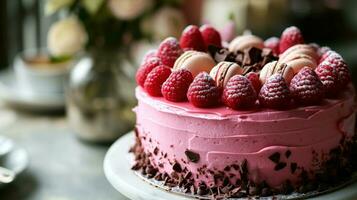 ai generiert Beschreibung von ein Rosa Kuchen mit Makronen, Himbeeren foto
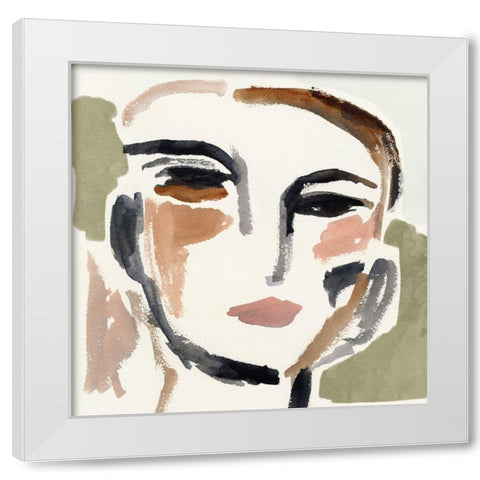 Face Fragments III White Modern Wood Framed Art Print by Barnes, Victoria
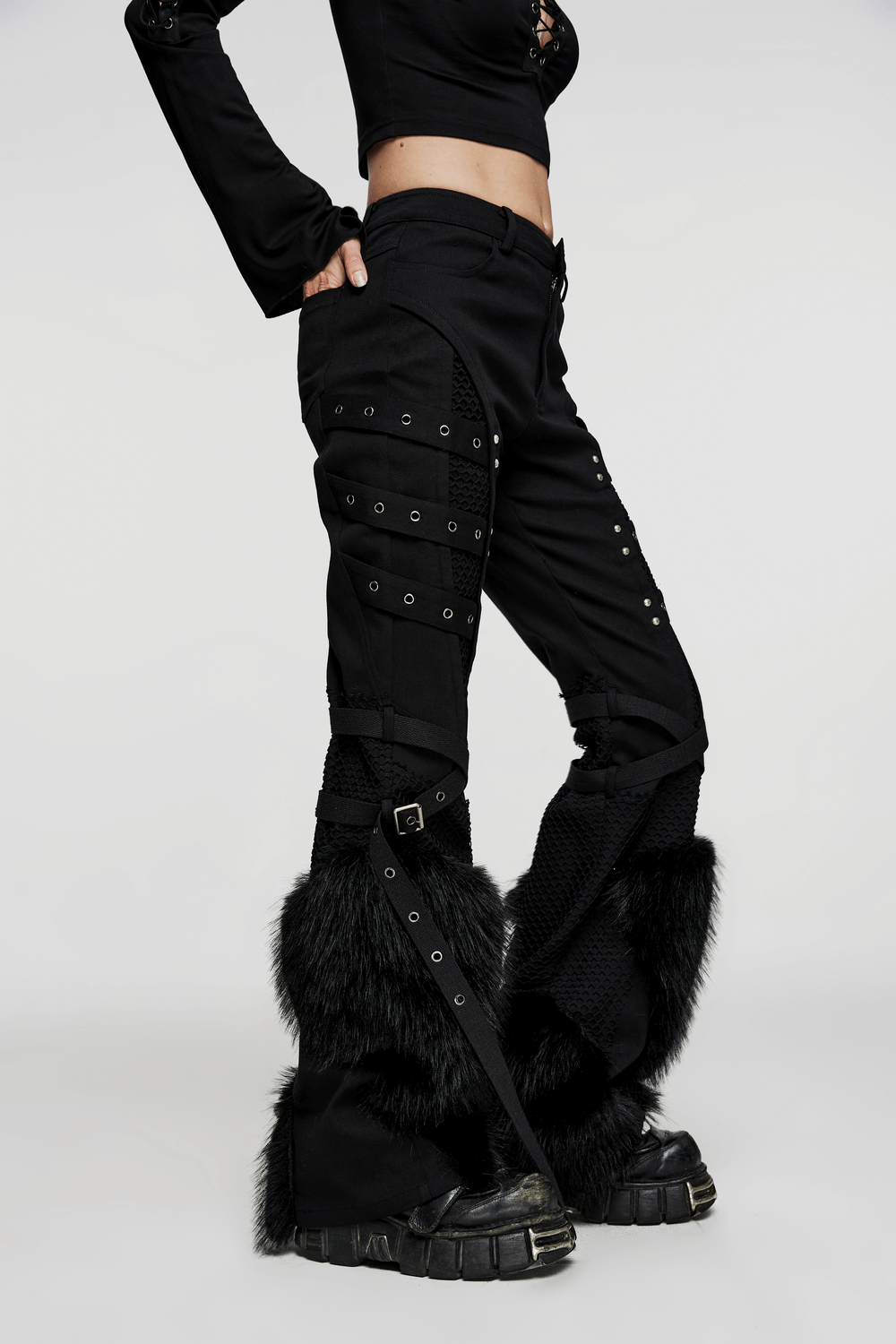 Punk straight pants with faux fur trim and mesh details, featuring a modern split design for edgy style. Perfect for urban fashion.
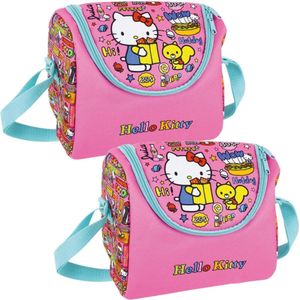 Set van 2x stuks kleine koeltassen voor lunch roze met Hello Kitty print 22 x 18 x 13 cm 5 liter - Koeltas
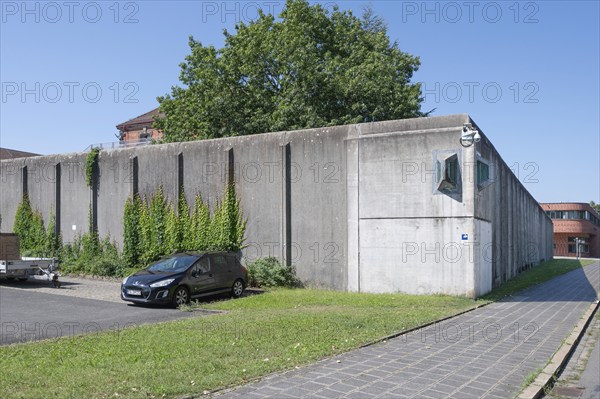 Observation window in the wall of the prison, JVA, Mannertstraße 6, Nuremberg, Middle Franconia,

## WHAT THE EXERCISE ASKS:
Please take the lines from the beginning of the data above through the line holding "Set van 2x stuks" and transcribe them exactly, without any pictures.

## RESULT FOR THIS EXERCISE:
 ai generiert Beschreibung von ein Rosa Kuchen mit Makronen, Himbeeren foto
 Face Fragments III White Modern Wood Framed Art Print by Barnes, Victoria
 Punk straight pants with faux fur trim and mesh details, featuring a modern split design for edgy style. Perfect for urban fashion.
 Set van 2x stuks kleine koeltassen voor lunch roze met Hello Kitty print 22 x 18 x 13 cm 5 liter - Koeltas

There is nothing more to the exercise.